Many drivers’ next car with be powered purely by electricity so now is the time to start getting your head round making the switch.
Ian Robertson, editor and publisher of Diesel Car and Eco Car, said: “Most electric vehicle experts think switching to an EV is a five-year purchase plan – thinking about it, trying them with test drives and getting yourself attuned to buying one.
“It is all about changing your approach to make your EV work for you.
“Driving an electric car is no scarier than changing from your old Nokia 3210 mobile phone to an Apple iPhone. It is different technology and you have to work in a different way to keep it charged.
“The ban on selling new petrol and diesel cars comes into effect in 2030. Look at how smartphones have developed in nine years, and how the phone you had then was totally different.
“You are going to see that same move with electric cars, if not more.
“The technology is already there to provide decent range and service now so imagine what it is going to be like in nine years’ time.”
One of the biggest fears about EVs is running out of charge – range anxiety.
Rather than fill your petrol or diesel tank to the brim every time you start a journey you just make sure you have enough fuel. It is the same with an EV.
It makes sense to recharge your EV to 100% whenever possible but sometimes you just need to top up – we already do it with our smartphones.
A pure electric car with a 60kWh battery capacity can be charged, from empty to full, with a seven kilowatts per hour (7kWh) wall charger, the maximum for a home, in just under eight hours. Most owners take advantage of cheaper overnight electricity.

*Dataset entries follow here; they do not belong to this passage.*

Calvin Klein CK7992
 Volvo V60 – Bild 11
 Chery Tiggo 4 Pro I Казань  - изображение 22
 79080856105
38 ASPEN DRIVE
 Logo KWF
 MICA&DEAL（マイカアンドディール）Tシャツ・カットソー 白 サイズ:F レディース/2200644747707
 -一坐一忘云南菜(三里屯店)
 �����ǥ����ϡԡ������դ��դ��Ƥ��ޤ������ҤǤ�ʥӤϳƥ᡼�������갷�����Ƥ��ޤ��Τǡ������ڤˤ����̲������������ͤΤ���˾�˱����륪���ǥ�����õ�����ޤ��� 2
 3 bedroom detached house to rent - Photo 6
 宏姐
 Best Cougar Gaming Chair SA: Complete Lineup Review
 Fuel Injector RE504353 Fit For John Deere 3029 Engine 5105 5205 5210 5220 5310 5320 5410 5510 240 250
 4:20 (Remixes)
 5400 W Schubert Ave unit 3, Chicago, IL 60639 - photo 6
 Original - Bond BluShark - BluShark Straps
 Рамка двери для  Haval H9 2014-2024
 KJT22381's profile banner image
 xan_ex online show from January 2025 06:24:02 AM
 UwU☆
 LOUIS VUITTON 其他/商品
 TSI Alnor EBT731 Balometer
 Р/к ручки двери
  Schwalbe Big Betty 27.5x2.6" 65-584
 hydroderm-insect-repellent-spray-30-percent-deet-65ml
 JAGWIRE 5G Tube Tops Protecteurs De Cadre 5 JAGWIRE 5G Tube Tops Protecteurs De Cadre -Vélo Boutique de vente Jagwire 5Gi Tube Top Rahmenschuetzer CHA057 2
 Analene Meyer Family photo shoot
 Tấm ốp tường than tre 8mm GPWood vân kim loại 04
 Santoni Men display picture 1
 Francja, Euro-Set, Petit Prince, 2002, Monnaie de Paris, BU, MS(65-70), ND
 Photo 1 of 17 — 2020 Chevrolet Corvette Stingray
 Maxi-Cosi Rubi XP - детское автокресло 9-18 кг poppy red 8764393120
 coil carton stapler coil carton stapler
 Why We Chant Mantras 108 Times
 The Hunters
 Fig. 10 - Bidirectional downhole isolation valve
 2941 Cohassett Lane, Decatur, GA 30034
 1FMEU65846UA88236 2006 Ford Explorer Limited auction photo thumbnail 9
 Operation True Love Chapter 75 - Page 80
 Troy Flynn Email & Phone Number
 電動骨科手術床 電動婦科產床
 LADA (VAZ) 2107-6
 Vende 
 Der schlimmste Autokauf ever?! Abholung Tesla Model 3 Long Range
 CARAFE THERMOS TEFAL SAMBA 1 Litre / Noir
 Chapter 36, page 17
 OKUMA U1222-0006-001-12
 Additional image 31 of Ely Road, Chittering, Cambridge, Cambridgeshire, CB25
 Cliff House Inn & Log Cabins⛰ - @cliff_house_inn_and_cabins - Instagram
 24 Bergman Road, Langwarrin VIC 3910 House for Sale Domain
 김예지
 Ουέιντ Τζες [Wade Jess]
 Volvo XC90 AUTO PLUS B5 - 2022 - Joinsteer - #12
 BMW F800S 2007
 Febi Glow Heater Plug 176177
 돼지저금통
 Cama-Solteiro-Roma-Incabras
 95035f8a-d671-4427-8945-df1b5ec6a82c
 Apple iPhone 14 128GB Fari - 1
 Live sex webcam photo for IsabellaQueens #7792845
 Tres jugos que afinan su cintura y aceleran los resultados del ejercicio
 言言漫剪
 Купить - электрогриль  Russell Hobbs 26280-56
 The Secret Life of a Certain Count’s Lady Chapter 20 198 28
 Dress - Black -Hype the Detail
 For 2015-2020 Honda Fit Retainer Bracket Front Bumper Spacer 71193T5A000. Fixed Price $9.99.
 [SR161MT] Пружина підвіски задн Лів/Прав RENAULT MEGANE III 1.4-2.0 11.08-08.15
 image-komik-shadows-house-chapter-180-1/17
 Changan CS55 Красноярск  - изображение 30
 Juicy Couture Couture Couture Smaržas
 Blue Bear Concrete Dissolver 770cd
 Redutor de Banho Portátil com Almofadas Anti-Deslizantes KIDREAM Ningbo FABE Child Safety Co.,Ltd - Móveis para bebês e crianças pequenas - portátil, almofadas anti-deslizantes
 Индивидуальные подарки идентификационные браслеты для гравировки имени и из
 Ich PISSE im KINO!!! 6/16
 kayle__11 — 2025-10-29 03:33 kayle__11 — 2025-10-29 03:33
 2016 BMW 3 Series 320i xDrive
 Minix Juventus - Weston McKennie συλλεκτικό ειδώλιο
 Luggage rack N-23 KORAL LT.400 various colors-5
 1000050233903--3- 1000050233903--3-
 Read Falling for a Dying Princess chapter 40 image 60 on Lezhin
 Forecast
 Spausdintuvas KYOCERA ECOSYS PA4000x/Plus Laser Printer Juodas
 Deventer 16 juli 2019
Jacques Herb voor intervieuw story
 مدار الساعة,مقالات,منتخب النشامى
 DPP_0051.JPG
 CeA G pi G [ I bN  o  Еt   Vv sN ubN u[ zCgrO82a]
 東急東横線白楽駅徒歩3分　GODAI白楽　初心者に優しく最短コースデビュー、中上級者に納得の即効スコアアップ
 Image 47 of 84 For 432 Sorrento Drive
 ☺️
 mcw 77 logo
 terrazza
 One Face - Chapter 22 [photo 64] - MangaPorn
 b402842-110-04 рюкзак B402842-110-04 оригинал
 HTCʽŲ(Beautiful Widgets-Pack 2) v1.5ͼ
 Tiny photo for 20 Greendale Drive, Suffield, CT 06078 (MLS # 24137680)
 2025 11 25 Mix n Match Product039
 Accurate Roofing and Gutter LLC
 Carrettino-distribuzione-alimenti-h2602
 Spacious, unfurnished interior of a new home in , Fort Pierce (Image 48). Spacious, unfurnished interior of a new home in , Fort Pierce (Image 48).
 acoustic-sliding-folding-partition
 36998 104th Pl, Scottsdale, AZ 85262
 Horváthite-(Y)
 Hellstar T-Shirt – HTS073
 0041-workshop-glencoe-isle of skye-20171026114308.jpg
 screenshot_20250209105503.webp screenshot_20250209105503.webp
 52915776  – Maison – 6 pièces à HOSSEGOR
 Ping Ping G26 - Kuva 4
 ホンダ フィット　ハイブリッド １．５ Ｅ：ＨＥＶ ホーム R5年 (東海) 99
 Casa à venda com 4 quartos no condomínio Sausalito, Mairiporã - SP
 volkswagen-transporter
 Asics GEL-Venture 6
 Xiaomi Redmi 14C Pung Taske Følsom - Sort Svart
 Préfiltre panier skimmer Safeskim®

But, if you just need a top-up before going out again, a supermini-sized electric car could gain up to 30 miles of range in an hour at 7kW. Then it can be fully charged overnight.
Many owners charge their cars while doing regular tasks such as going shopping or to the gym.
Robertson said: “A lot of supermarkets now have free charging points. You put your car on charge while shopping and take advantage of the free electricity and have a coffee to get the most out of it.
“Rather than going to the supermarket once a week you might go shopping twice a week because you can charge your car for free.”
Although 80% of EVs are charged at home, more public chargers are coming on stream all the time. With phone apps and sat-nav systems to help find them, it is getting easier to top up on longer journeys.